# Ensemble classifier on Titanic Kaggle dataset with Pyspark

## Objectives: full pyspark notebook

The primary goal of this notebook is to make a deep dive into spark ML module:  
- using the well known kaggle Titanic dataset (already explored in a sklearn notebook)  
- performing feature extraction and preprocessing using custom Transformers/Estimators pipelines  
- combining trained models into a custom majority vote Ensemble  
- preparing the ground for intensive hyperparameter tuning on a google gcp hadoop cluster  

<br>

## Note  
I opted for custom Estimators and Models especially for:  
- the imputation of missing _"Age"_ values via linear regression of features _"Pclass"_ and _"Sex"_  
- the creation of a majority Vote Ensemble classifier   

**Feedbacks are obviously welcome!**

# Dataset acquisition

In [1]:
# Let's vizualize the csv dataset format
!powershell Get-Content "../data/train.csv" -Head 3

PassengerId,Survived,Pclass,Name,Sex,Age,SibSp,Parch,Ticket,Fare,Cabin,Embarked
1,0,3,"Braund, Mr.
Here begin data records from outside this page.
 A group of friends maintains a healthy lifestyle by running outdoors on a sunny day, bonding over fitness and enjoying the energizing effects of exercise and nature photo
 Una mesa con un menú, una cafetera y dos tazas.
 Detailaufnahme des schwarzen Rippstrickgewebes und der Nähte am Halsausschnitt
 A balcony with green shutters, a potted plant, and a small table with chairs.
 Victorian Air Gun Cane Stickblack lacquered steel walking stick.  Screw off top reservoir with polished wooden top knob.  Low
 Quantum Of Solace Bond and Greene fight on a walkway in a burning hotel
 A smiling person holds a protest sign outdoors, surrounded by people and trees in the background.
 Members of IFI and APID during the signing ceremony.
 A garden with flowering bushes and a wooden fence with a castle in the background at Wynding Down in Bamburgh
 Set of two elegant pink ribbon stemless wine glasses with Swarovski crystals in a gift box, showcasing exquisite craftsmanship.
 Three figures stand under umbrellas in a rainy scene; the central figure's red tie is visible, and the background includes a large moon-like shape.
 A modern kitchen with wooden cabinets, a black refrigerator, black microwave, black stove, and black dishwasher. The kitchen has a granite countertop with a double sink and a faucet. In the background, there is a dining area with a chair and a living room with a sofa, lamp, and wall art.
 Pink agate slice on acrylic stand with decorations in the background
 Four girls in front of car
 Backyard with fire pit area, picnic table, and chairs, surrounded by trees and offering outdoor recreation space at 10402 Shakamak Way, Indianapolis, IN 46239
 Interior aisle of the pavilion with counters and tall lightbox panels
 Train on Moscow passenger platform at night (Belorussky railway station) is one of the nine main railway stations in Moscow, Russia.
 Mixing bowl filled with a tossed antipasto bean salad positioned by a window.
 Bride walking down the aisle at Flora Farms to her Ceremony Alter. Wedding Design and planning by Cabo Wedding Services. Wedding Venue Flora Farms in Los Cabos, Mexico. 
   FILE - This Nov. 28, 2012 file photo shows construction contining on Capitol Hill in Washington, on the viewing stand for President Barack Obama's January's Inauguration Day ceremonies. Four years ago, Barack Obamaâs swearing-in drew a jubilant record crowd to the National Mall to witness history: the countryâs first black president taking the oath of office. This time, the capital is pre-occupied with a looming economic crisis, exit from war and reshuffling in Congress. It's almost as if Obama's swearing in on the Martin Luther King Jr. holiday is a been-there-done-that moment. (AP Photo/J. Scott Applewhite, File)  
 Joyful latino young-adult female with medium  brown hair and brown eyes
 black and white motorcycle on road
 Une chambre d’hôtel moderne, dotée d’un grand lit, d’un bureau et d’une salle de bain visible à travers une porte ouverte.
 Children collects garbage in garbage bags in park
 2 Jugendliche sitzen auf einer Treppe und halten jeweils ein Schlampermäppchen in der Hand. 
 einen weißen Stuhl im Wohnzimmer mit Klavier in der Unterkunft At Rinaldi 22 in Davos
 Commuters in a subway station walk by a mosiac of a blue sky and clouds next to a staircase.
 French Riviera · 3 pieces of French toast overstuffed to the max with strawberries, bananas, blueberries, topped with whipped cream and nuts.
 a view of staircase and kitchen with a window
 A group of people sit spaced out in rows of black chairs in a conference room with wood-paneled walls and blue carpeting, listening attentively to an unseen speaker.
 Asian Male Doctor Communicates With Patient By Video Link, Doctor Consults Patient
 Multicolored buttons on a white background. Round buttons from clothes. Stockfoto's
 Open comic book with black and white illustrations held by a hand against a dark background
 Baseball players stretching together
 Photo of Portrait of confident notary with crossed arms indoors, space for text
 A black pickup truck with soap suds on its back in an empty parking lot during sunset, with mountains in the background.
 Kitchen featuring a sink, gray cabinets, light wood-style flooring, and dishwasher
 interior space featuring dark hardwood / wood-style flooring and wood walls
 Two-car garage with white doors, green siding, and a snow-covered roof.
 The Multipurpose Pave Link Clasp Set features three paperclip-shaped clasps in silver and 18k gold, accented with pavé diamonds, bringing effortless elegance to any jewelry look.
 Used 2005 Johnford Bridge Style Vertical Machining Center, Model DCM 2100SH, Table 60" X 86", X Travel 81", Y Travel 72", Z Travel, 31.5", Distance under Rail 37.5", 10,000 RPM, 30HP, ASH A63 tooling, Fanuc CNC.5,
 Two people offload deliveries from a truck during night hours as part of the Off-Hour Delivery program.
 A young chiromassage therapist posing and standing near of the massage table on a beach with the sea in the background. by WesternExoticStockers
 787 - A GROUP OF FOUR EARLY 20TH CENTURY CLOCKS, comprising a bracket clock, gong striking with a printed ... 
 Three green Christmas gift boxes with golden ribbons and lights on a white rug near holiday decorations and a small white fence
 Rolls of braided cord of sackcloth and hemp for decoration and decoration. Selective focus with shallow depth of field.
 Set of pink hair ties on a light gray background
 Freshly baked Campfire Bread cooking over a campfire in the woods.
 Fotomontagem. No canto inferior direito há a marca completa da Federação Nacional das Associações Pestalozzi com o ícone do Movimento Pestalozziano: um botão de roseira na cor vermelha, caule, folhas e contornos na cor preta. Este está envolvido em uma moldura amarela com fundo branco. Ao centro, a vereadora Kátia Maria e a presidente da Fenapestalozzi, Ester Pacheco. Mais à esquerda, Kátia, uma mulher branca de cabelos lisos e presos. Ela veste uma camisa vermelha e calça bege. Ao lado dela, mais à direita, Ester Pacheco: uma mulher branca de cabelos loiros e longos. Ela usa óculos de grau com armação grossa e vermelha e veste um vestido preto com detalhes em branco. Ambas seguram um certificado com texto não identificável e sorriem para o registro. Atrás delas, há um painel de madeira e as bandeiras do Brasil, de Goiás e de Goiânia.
Owen Harris",male,22,1,0,A/5 21171,7.25,,S
2,1,1,"Cumings, Mrs. John Bradley (Florence Briggs Thayer)",female,38,1,0,PC 17599,71.2833,C85,C


In [2]:
from pyspark.sql import SparkSession, DataFrame, Column
from pyspark.sql.functions import count, when, col

spark = ( SparkSession.builder
    .master("local[*]")
    .appName("votingclassifier-titanic")
    .getOrCreate()
)

train_df = spark.read.csv(
    "../data/train.csv", 
    header = True,
    inferSchema = True
).cache()

test_df = spark.read.csv(
    "../data/test.csv", 
    header = True,
    inferSchema = True
).cache()

def display_missing_values(df):
        df.select([count(when(col(c).isNull(), c)).alias(c) for c in df.columns]).show()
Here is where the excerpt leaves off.